S'agissant des modalités d'élimination des doubles impositions , c'est-à-dire de la principale raison d'être des conventions fiscales, l'accord du 2 avril 2013 entre la France et Andorre est très largement conforme au standard de l'OCDE le plus récent, qui date de 2010 9 ( * ) . Les dérogations à ce modèle s'expliquent principalement par les spécificités de la fiscalité des deux États, et ne s'écartent du modèle de l'OCDE que pour se rapprocher de la pratique française habituelle en matière de conventions internationales.

Votre rapporteur estime donc que la présente convention constitue un accord équilibré, qui préserve les intérêts des deux pays , et devrait notamment permettre aux entreprises françaises de prendre une part plus importante au sein de l'économie andorrane.

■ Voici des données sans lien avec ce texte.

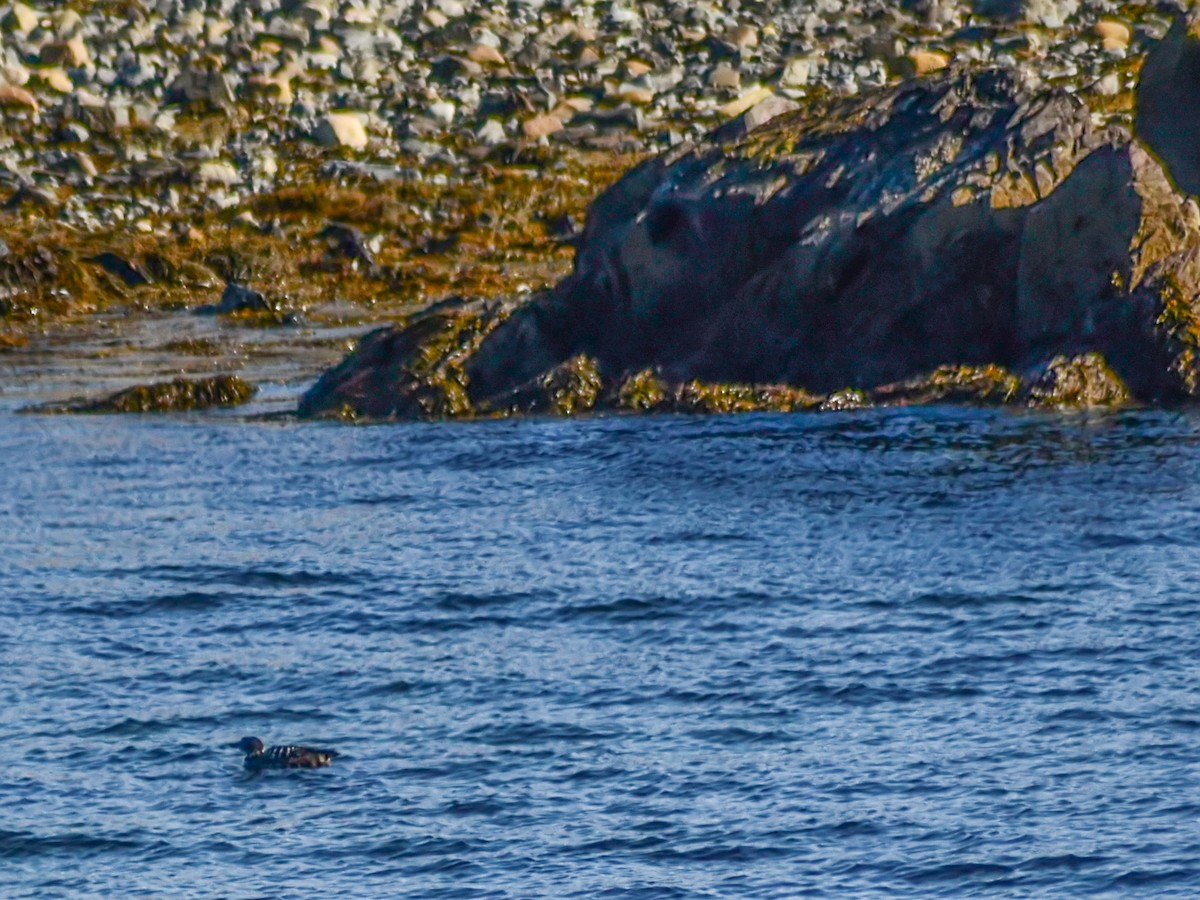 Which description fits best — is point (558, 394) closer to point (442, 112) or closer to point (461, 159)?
point (461, 159)

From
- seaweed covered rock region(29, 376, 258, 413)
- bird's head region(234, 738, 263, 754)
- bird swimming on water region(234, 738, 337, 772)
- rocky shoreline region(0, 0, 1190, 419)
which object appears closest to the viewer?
bird swimming on water region(234, 738, 337, 772)

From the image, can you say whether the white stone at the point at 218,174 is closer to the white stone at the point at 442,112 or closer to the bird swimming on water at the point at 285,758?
the white stone at the point at 442,112

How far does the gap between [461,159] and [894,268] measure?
115 feet

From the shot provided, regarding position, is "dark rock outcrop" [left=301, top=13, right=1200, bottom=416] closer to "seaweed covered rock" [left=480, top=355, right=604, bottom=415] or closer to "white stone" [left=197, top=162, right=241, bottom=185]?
"seaweed covered rock" [left=480, top=355, right=604, bottom=415]

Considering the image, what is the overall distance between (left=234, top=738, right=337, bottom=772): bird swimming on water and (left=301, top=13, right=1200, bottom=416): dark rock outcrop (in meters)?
13.2

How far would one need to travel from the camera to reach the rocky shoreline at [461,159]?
1146 inches

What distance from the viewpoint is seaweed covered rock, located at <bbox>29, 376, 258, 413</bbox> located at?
103 ft

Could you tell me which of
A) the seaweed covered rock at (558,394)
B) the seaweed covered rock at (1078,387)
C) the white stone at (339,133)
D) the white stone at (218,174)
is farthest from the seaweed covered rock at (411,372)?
the white stone at (339,133)

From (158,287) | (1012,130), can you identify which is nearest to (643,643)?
(1012,130)

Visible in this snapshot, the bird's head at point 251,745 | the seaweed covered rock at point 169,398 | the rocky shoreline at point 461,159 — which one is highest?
the rocky shoreline at point 461,159

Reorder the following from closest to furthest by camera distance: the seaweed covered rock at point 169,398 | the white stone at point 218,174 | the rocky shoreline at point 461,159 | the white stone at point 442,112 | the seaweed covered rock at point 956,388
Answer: the seaweed covered rock at point 956,388 < the rocky shoreline at point 461,159 < the seaweed covered rock at point 169,398 < the white stone at point 218,174 < the white stone at point 442,112

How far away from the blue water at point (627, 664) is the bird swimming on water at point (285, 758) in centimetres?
13

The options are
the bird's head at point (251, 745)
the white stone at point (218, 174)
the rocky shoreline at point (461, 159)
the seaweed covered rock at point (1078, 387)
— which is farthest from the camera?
the white stone at point (218, 174)


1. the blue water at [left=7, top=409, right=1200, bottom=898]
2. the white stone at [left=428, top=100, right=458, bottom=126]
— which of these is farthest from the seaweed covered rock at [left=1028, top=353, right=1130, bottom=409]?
the white stone at [left=428, top=100, right=458, bottom=126] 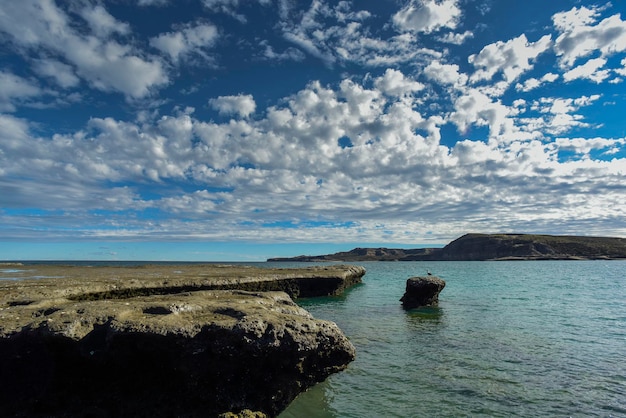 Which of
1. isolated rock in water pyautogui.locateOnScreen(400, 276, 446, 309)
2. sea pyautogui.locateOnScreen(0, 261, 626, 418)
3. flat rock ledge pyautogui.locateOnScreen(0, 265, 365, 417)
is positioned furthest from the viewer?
isolated rock in water pyautogui.locateOnScreen(400, 276, 446, 309)

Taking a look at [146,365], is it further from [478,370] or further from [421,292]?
[421,292]

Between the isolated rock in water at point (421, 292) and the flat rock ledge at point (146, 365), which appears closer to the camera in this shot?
the flat rock ledge at point (146, 365)

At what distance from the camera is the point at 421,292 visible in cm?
3416

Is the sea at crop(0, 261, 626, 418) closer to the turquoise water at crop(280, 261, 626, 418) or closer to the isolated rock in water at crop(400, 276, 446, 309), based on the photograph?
the turquoise water at crop(280, 261, 626, 418)

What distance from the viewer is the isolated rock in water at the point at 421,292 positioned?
34.0m

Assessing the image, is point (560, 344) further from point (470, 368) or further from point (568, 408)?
point (568, 408)

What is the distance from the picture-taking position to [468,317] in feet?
92.5

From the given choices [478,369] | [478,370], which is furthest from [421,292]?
[478,370]

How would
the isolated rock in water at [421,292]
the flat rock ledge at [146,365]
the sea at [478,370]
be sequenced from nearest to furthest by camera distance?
the flat rock ledge at [146,365] → the sea at [478,370] → the isolated rock in water at [421,292]

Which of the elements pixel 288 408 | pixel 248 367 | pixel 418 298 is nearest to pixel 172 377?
pixel 248 367

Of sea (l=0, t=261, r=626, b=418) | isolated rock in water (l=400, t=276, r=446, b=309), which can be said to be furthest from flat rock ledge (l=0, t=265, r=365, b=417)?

Plus précisément, les éléments suivants reprennent largement le modèle de convention fiscale de l'OCDE :

- le champ d'application de la convention (articles 1 er à 5) : ces articles reprennent le modèle OCDE s'agissant de la définition des personnes et impôts visés, de la définition des termes de la convention, de la définition de la résidence et de la définition de l'établissement stable. Dans ce dernier cas, les « exploitations agricoles, d'élevage ou forestière » ont été ajoutées parmi les exemples d'établissement stables, à la demande d'Andorre ;

- l'imposition des revenus immobiliers (article 6) : le principe d'imposition à la source, conforme au modèle OCDE, est complété par une stipulation permettant à la France d'imposer les revenus provenant de participations dans des sociétés immobilières transparentes de copropriété ou de multipropriété ;

- l'imposition des bénéfices des entreprises (article 7) : le principe est celui d'une taxation dans l'État où l'entreprise est établie, à moins que l'entreprise n'exerce son activité dans l'autre État où elle dispose d'un établissement stable (siège, succursale, bureau, usine etc.), auquel cas l'entreprise est également imposée dans cet autre État, à raison des seuls bénéfices dégagés par cet établissement stable. Cet article est conforme au modèle 2008 de l'OCDE, et non au modèle 2010, mais sans conséquence sur le fond ;

- l'imposition des bénéfices provenant de l'exploitation en trafic international d'aéronefs (article 8) : ceux-ci sont imposables dans l'État ou le siège de direction effective de l'entreprise est situé, conformément au modèle de l'OCDE ;

- l'imposition des bénéfices transférés entre entreprises associées (article 9) , qui est conforme au principe de pleine concurrence (PPC) posé par l'OCDE. En vertu de ce principe, les prix de transfert entre deux entreprises liées doivent être fixés au même prix que celui qui serait fixé entre deux entreprises indépendantes ;

- l'imposition des revenus passifs, c'est-à-dire des dividendes (article 10), des intérêts (article 11) et des redevances (article 12) : ceux-ci sont imposés dans l'État de résidence du bénéficiaire, après une retenue à la source de 5 % maximum. Ces stipulations s'écartent légèrement du modèle de l'OCDE, en conformité avec la pratique française habituelle (cf. encadré) ;

L'imposition des revenus passifs

S'agissant des dividendes , le seuil de détention minimal du capital de la société pour bénéficier de la retenue à la source de 5 % est abaissé à 10 %, au lieu de 25 % dans le modèle OCDE ; en-dessous de ce seuil de détention, la retenue à la source est de 15 %. Par ailleurs, des clauses spécifiques sont ajoutées pour permettre à la France d'appliquer sa législation en matière de revenus réputés distribués, de société d'investissement immobilier cotées (SIIC) et d'organismes de placement collectifs immobiliers (OPCI).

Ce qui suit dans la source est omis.